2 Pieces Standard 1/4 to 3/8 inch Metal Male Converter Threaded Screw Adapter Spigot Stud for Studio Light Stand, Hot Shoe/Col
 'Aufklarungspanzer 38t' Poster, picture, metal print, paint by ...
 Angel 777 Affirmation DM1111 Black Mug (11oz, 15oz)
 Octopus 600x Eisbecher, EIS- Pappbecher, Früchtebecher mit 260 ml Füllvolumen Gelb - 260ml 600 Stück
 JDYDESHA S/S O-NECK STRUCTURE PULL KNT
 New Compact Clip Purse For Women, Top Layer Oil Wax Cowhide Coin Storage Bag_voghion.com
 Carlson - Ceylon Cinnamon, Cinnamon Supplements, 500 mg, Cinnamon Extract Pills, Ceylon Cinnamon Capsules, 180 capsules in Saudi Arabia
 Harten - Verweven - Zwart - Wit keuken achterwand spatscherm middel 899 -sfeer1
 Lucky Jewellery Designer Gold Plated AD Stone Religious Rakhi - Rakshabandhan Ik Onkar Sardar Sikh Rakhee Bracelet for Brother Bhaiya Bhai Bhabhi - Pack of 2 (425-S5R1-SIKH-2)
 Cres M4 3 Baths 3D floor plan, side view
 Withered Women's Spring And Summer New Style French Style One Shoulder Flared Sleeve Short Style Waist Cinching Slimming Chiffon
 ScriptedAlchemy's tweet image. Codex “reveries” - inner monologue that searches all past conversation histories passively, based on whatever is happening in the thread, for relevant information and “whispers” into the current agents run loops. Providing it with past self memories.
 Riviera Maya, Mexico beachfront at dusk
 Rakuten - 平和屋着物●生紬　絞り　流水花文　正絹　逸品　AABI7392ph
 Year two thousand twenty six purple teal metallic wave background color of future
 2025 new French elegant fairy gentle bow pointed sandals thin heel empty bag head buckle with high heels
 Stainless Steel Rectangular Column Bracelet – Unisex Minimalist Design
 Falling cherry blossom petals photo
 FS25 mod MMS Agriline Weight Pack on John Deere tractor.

### [TASK DETAILS]
Could you print all of the entries again exactly as they stand?

### [SOLVED EXERCISE]
2 Pieces Standard 1/4 to 3/8 inch Metal Male Converter Threaded Screw Adapter Spigot Stud for Studio Light Stand, Hot Shoe/Col
 'Aufklarungspanzer 38t' Poster, picture, metal print, paint by ...
 Angel 777 Affirmation DM1111 Black Mug (11oz, 15oz)
 Octopus 600x Eisbecher, EIS- Pappbecher, Früchtebecher mit 260 ml Füllvolumen Gelb - 260ml 600 Stück
 JDYDESHA S/S O-NECK STRUCTURE PULL KNT
 New Compact Clip Purse For Women, Top Layer Oil Wax Cowhide Coin Storage Bag_voghion.com
 Carlson - Ceylon Cinnamon, Cinnamon Supplements, 500 mg, Cinnamon Extract Pills, Ceylon Cinnamon Capsules, 180 capsules in Saudi Arabia
 Harten - Verweven - Zwart - Wit keuken achterwand spatscherm middel 899 -sfeer1
 Lucky Jewellery Designer Gold Plated AD Stone Religious Rakhi - Rakshabandhan Ik Onkar Sardar Sikh Rakhee Bracelet for Brother Bhaiya Bhai Bhabhi - Pack of 2 (425-S5R1-SIKH-2)
 Cres M4 3 Baths 3D floor plan, side view
 Withered Women's Spring And Summer New Style French Style One Shoulder Flared Sleeve Short Style Waist Cinching Slimming Chiffon
 ScriptedAlchemy's tweet image. Codex “reveries” - inner monologue that searches all past conversation histories passively, based on whatever is happening in the thread, for relevant information and “whispers” into the current agents run loops. Providing it with past self memories.
 Riviera Maya, Mexico beachfront at dusk
 Rakuten - 平和屋着物●生紬　絞り　流水花文　正絹　逸品　AABI7392ph
 Year two thousand twenty six purple teal metallic wave background color of future
 2025 new French elegant fairy gentle bow pointed sandals thin heel empty bag head buckle with high heels
 Stainless Steel Rectangular Column Bracelet – Unisex Minimalist Design
 Falling cherry blossom petals photo
 FS25 mod MMS Agriline Weight Pack on John Deere tractor.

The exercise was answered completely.